◆ Exercise goal
From the listing below, retype exactly the line holding "Photo of property", the line holding "A5 Beachside Bliss", and the lines between them; skip everything else.

◆ Data to examine
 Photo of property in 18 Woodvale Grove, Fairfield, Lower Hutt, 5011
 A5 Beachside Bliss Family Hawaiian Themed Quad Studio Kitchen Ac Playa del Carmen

* * *

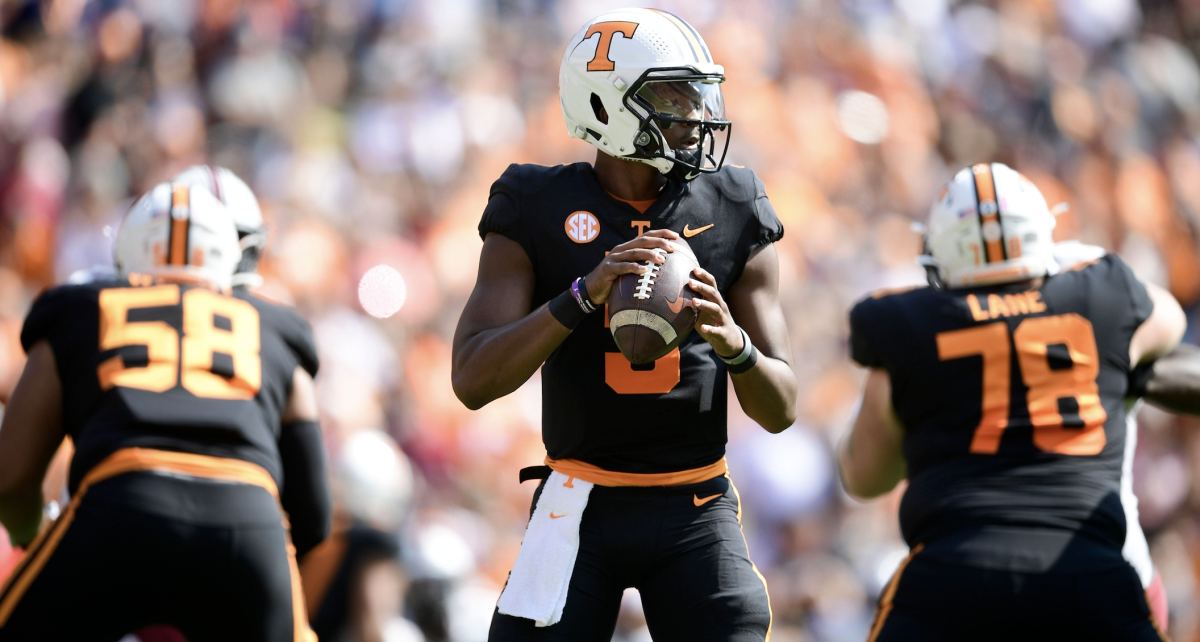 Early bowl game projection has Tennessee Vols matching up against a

--

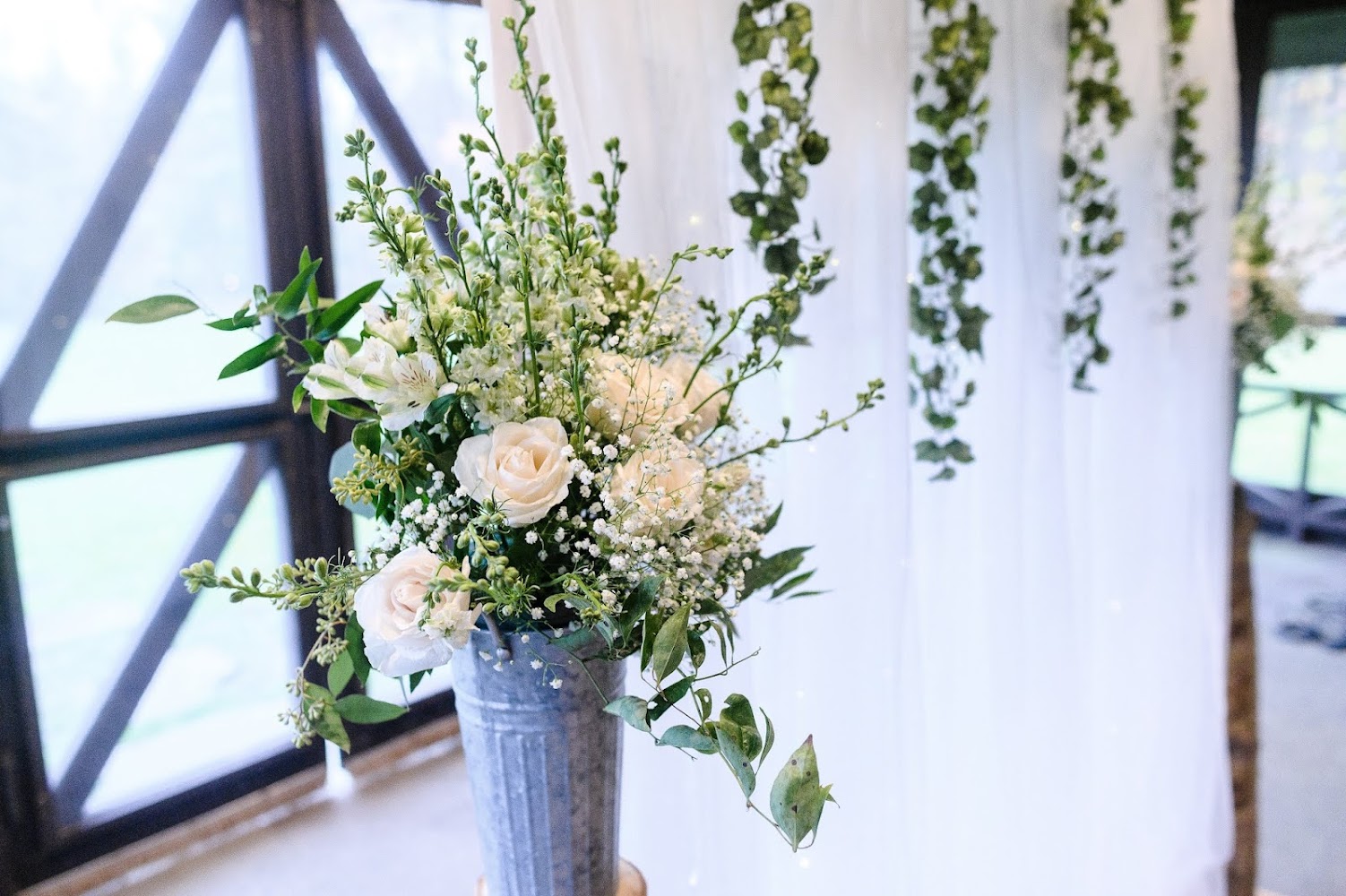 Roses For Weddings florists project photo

◆ Written response
 Photo of property in 18 Woodvale Grove, Fairfield, Lower Hutt, 5011
 A5 Beachside Bliss Family Hawaiian Themed Quad Studio Kitchen Ac Playa del Carmen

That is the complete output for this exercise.